Jefe de Estado a la francesa.

Este fin de semana se juega, en parte, el futuro de Europa. En nuestro país vecino, ese al que siempre hemos mirado de reojo, con una mezcla de resquemor, celos y antipatía, se producen unas elecciones históricas. No es nuevo para nadie que de lo que allí ocurra depende en gran medida el devenir de los acontecimientos en esta Unión en crisis.

Las presidenciales francesas, de ser seguidas con cierto rigor por parte de los medios españoles, nos mostrarían algunas facetas que, como mínimo, sorprenderían. En primer lugar, la pasión que siguen poniendo los franceses en la política. Frente a la desafección que muestran el CIS, las barras de los bares y los datos de abstención, en Francia la vida pública continúa preocupando (y ocupando). Para muestra un botón, hoy día en España sería impensable que acudiesen decenas de miles de personas a cada uno de los mítines de los candidatos. Y mucho menos al mitin del candidato de la izquierda alternativa.

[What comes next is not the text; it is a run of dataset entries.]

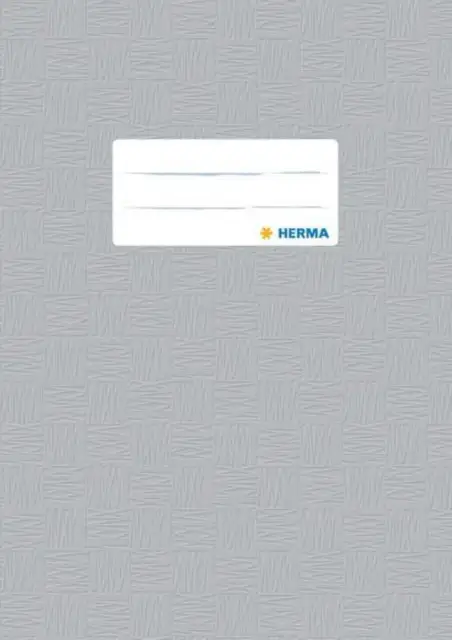 HERMA Heftschoner, A5, gedeckt grau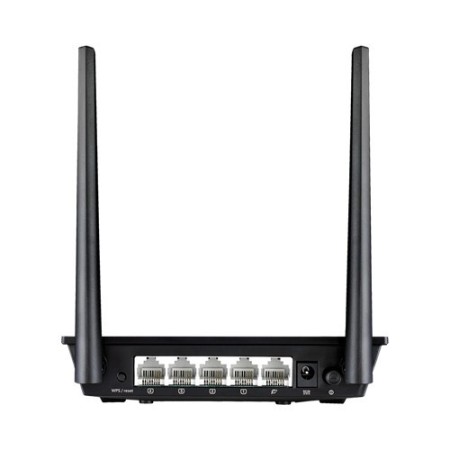 ASUS RT-N12plus wireless router Fast Ethernet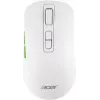 Мышь Acer OMR311 белый оптическая 2400dpi беспров. BT/Radio USB 7but (ZL.MCECC.034)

Esto me lleva al segundo comentario: la esperanza de Mélenchon. Después de que en Alemania Die Linke (La Izquierda) creciese notablemente tras el abandono por parte de Oskar Lafontaine del partido socialdemócrata, nuevamente observamos el mismo proceso en el epicentro del poder europeo. Como aparecido de la nada, el Front de Gauche (Frente de izquierdas), apunta maneras en unas encuestas que lo sitúan alrededor del 15%, en continuo crecimiento y superando al ultraderechista partido de Le Pen. François Hollande, candidato socialista, podría ser el más votado, pero no llegaría el 30% de los sufragios. A su izquierda, un excompañero de partido, que incluso fue ministro con Jospin, pero que, harto de sufrir el camaleónico discurso del PSF (el PSOE francés), decidió liderar una gran coalición de partidos de izquierda.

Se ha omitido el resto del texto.